Despite last week’s ebb and flow (i.e., Bernanke, Beppe, Berlusconi, the sequester, retail earnings) the S&P 500 succeeded in squeezing out a smallish weekly gain dominated by the snapping up of homebuilders and retailers, along with the typical “safety” groups as utilities and healthcare. The S&P 500 is now up nearly 6.5% for the year while the VIX has shed more than 14% in the process.

Reflecting on last week, it appears that familiar fog -- or market environment -- rolled in on Wednesday where the market reverted to the same old tired theme of thinning liquidity, markets chock full of gaps, chasing, and general headline reaction.

But the market continues to be exceptionally gracious in offering clues of this severe lack of investor passion, as most investors both big and small continue to feel profoundly reluctant, forcing a “buy-in” mentality. This level of market apathy tends to produce a binary atmosphere. There still appears to be more room remaining to this “wall of a worry” yet starkly contrasted with a complete “washout” at the first sign of trouble. It lends the assurance comparable to standing upon a late-March ice floe!

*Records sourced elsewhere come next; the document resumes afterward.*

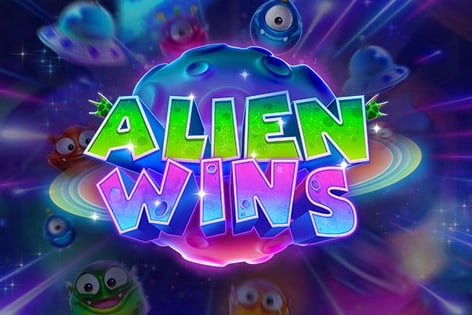 Alien Wins Game Logo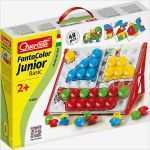 Quercetti Steckspiel Vorlagen Gut Quercetti Fanta Color Junior Basic 48 Tlg Quercetti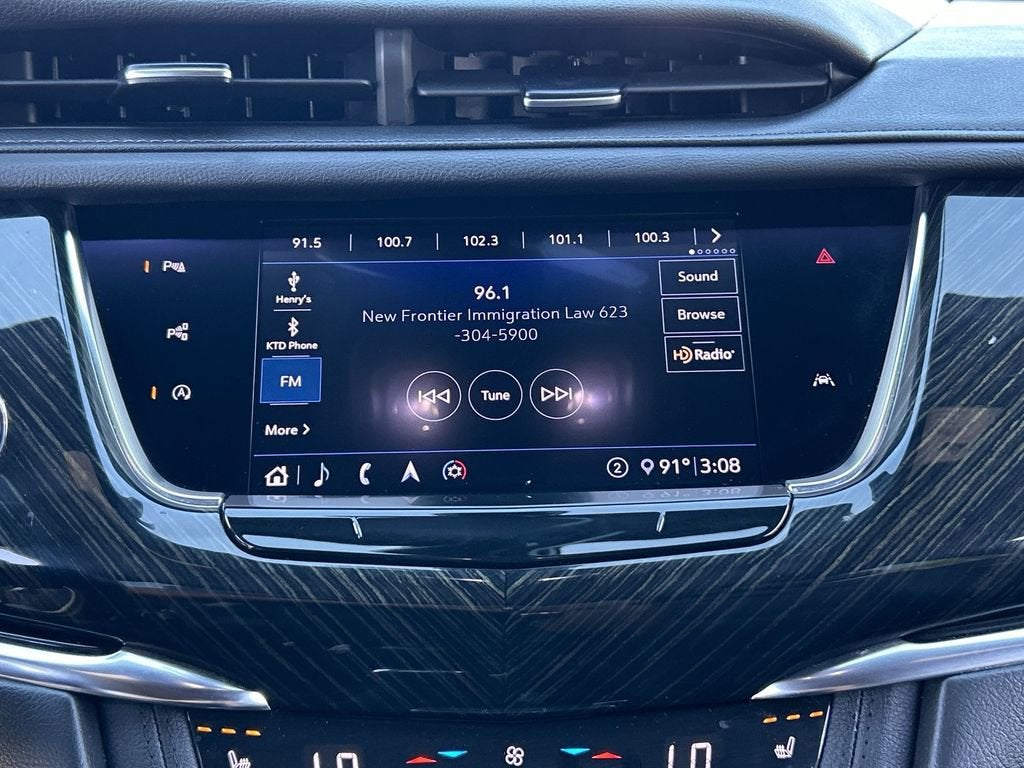 2020 Cadillac XT6 AWD Premium Luxury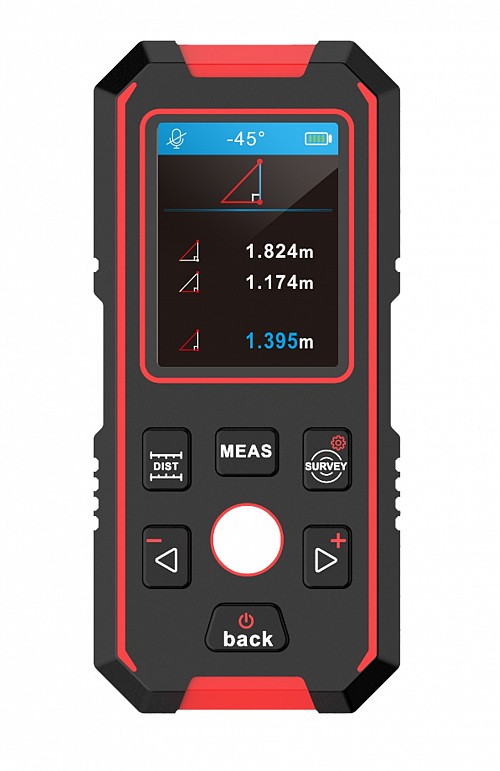 Noyafa NF-518S Multifunctional Wall Detector & Laser Meter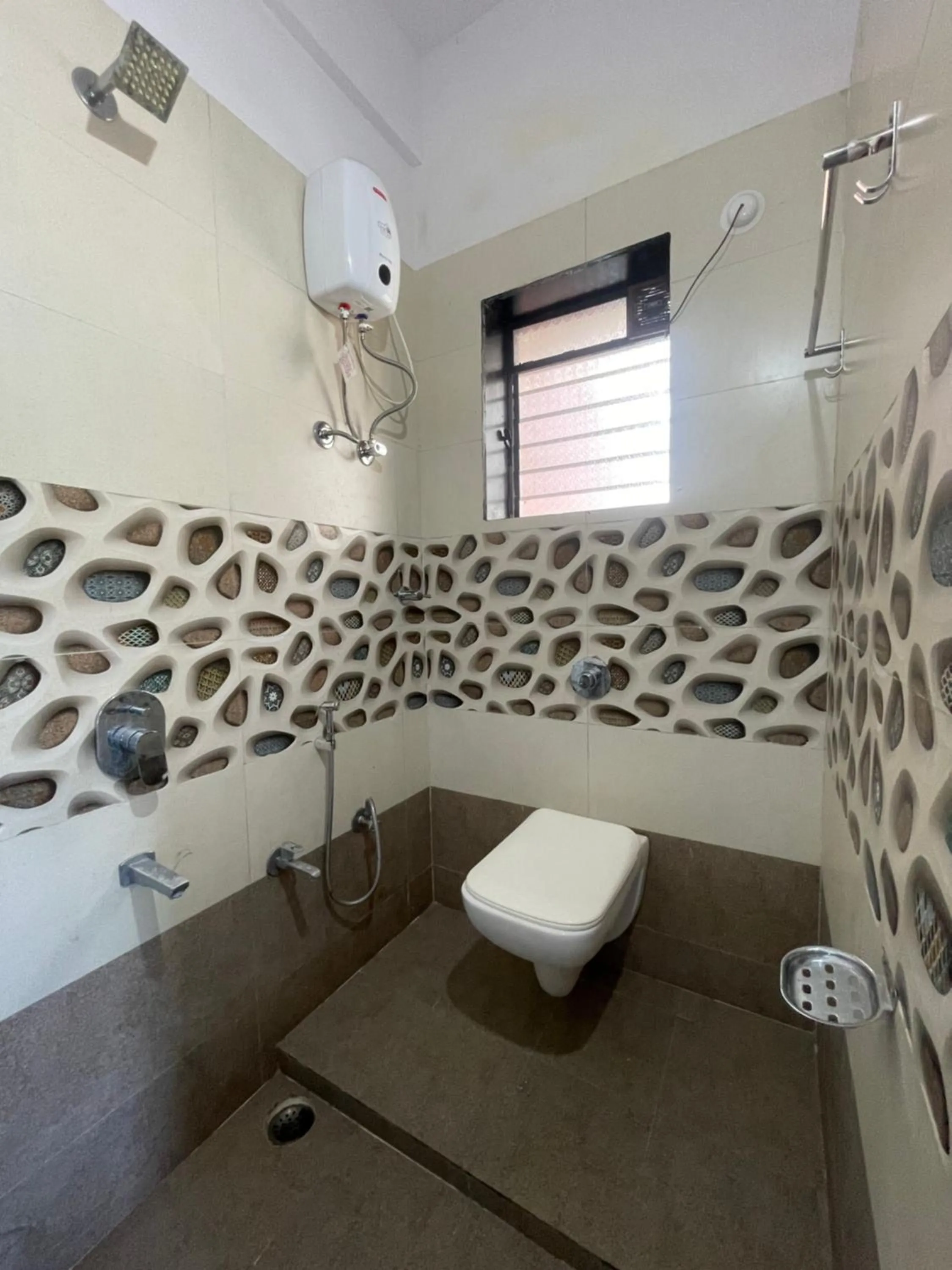 Bathroom in Scarlet Resort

Different soil produces different plants. Our best thinking remains addicted to this five-year pattern of calamity/euphoria/calamity. This repetition was once again both justified and reinforced last week given the drama of the Italian elections, the Fed sounding “less dovish” (not necessarily more “hawkish”), the budget slicing sequester, and China’s PMI falling short of expectations.

There's no doubt this pattern has produced an army of passive soldiers. However, the market, one of the most vibrant crowdsourcing measures available, continues to produce a different plant. We sow seeds of fuss and fret while the market's harvest is visibly different. We react to the dry parched landscape around us while the market embraces a deep and developing root system far beneath our ecology.

The market's conduct has been and most likely will continue to be predicated upon a cyclical expansion. In other words, it’s all about global growth and the market's momentum should continue to be directly entwined with the velocity of the global economy.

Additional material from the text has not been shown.